News

More than $10.8 Million in E-Gold, Ltd Accounts Traceable to Criminal Offenses to Be Forfeited


Laundered Proceeds of Child Pornography, Credit Card Fraud, Identity Theft and Other Crimes

FOR IMMEDIATE RELEASE
December 18, 2012

Baltimore, Maryland - U.S. District Judge Ellen L. Hollander issued an order granting the government’s motion to forfeit over $10.8 million, the value of 12,869 accounts recorded and maintained by e-gold, Ltd (EGL ), a company that was engaged in the business of exchanging traditional forms of currency for precious metals held in electronic form (“e-metals” or “e-gold”) and settling payer initiated transfers of e-metals from one customer account to another. The Judge also ordered that $12,287 be returned to the 22 claimants, whose claims the government did not contest.

The forfeiture was announced by United States Attorney for the District of Maryland Rod J. Rosenstein and Special Agent in Charge David Beach of the United States Secret Service – Washington Field Office.

U.S. Attorney Rosenstein said, “Civil forfeiture allows the government to recover the proceeds of criminal activity, while assuring that the due process rights of any lawful owners are fully protected.”

In 2008, EGL pled guilty in the District of Columbia to money laundering and operating an unlicensed money transmitting business. Non-traditional money transmitting businesses are frequently used by criminals to transfer money because they are not as closely regulated as banks and other traditional financial institutions. For that reason, they must be licensed by the State in which they operate and must register with the Department of the Treasury. EGL sold precious metals in electronic form to provide customers with a means of transferring value from one customer account to another while maintaining anonymity, knowing that at least some of the funds were involved in criminal activities, including the exploitation of children.

As part of its plea agreement, the company agreed to identify any customer e-metal accounts that contained funds traceable to criminal activity. The company and the Secret Service identified the 12,869 forfeited e-metal accounts as containing funds derived from a variety of criminal offenses including child pornography, credit card fraud, identity theft, investment fraud, and the sale of stolen or non-existent goods on the internet.

The government filed a civil forfeiture action against the value of the accounts in 2011 and sent notice of the right to contest the forfeiture to the 12,869 registered account holders. Only 22 account holders chose to contest the forfeiture. Some of the account holders who received the notice responded that they were the victims of identity theft and had no connection to EGL. The identities of the true owners of those accounts remains unknown.

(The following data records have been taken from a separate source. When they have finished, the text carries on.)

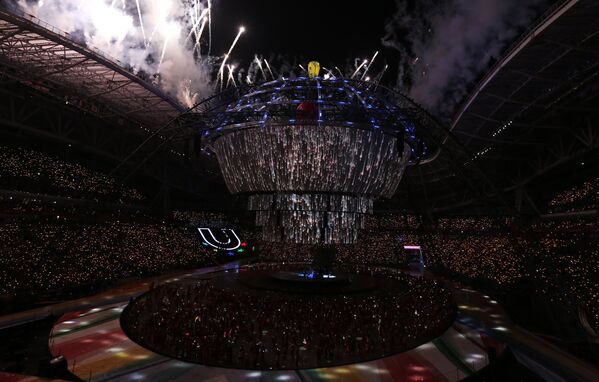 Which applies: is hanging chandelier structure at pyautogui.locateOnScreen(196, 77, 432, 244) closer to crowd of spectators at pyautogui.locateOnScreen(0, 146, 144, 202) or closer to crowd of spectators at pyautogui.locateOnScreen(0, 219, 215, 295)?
crowd of spectators at pyautogui.locateOnScreen(0, 146, 144, 202)

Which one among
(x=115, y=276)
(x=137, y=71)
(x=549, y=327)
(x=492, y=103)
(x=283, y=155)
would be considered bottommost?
(x=549, y=327)

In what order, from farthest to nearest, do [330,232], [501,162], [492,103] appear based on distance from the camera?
[501,162], [492,103], [330,232]

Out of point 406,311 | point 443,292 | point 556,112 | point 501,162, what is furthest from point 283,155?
point 501,162

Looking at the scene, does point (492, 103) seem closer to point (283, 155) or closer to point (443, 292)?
point (443, 292)

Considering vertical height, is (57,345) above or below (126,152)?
below

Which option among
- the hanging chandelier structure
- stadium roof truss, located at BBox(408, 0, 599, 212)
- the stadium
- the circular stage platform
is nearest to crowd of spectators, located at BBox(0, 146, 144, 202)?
the stadium

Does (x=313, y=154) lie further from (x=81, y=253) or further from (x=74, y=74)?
(x=81, y=253)

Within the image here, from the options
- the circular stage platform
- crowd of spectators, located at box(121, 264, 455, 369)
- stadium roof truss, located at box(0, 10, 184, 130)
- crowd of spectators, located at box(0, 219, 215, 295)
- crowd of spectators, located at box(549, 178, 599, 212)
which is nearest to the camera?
crowd of spectators, located at box(121, 264, 455, 369) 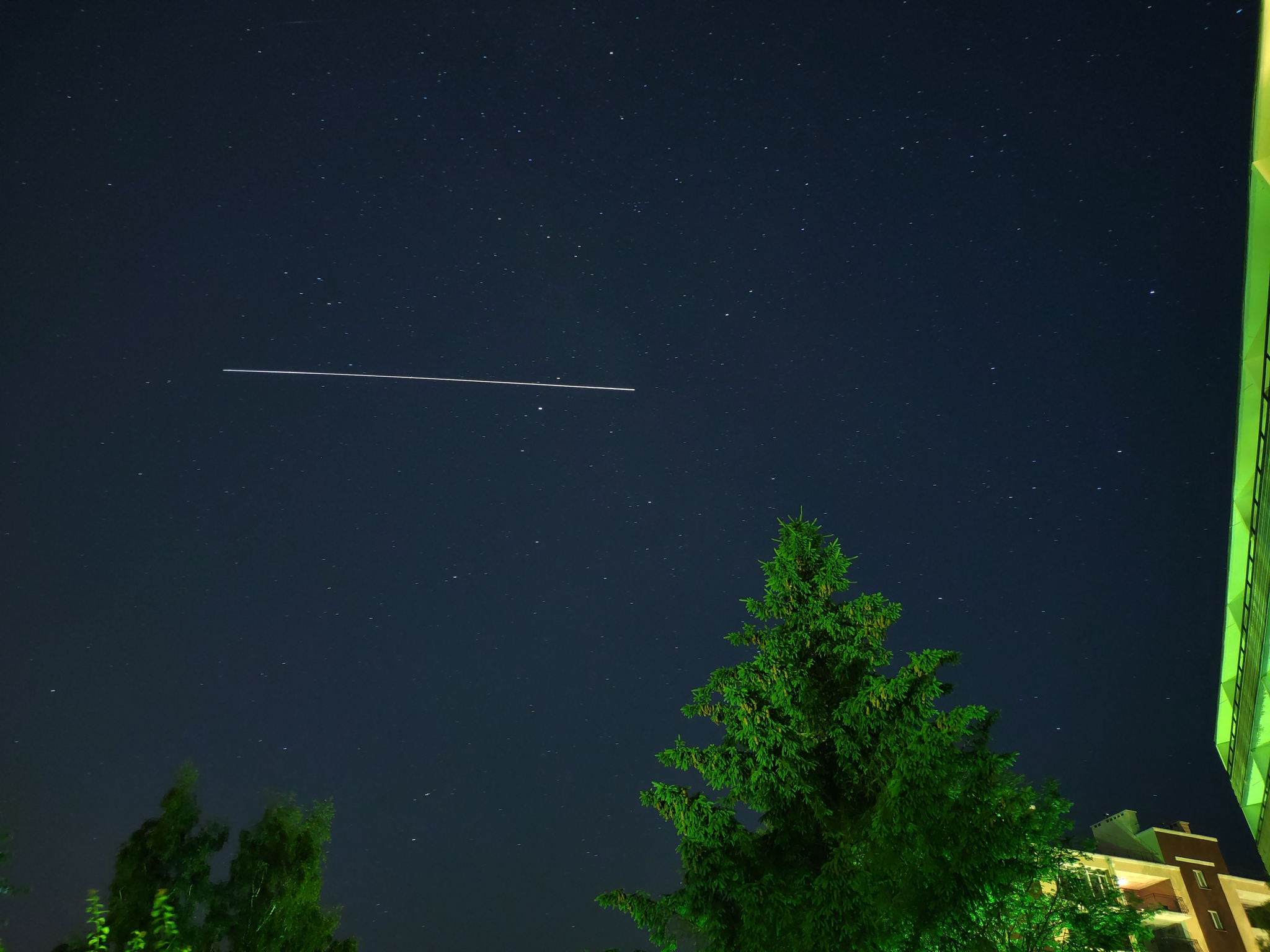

Digital currencies are generally marketed as offering global acceptance without the need for conversion between national currencies, and are valued at fluctuating rates tied to the price of a particular precious metal, especially gold. Digital currency is used for on-line commerce or for funds transfers between individuals for private purposes. In general, an EGL customer opened an e-gold account, and then could use the Internet to transfer the value in his or her account to any other EGL customer anonymously and instantaneously anywhere in the world. The recipient could then redeem the e-gold for any national currency. Because of the ease with which customers could purchase and transfer e-gold anonymously, outside of the confines of the traditional banking system, trading in e-gold became popular among persons looking for a way of laundering criminal proceeds and/or transferring criminal proceeds to third parties. In particular, e-gold was widely accepted as a payment mechanism for transactions involving credit card and identification fraud, high yield investment programs and other investment scams, and child exploitation. E-gold was not widely accepted by large or mainstream vendors.

With the forfeiture of the funds traceable to criminal activity, the government will now begin the process of restoring the remaining funds in the e-gold accounts, estimated in the tens of millions of dollars, to bona fide account holders who are able to verify their ownership of the accounts

United States Attorney Rod J. Rosenstein praised the U.S. Secret Service Washington and Orlando Field Offices and the SCIRS-SS Task Force for their work in the investigation. Mr. Rosenstein thanked Assistant United States Attorney Stefan Cassella and former Special Assistant U.S. Attorney Constantine Lizas, a Trial Attorney with the Asset Forfeiture & Money Laundering Section of the U.S. Justice Department’s Criminal Division, who handled the civil forfeiture for the government.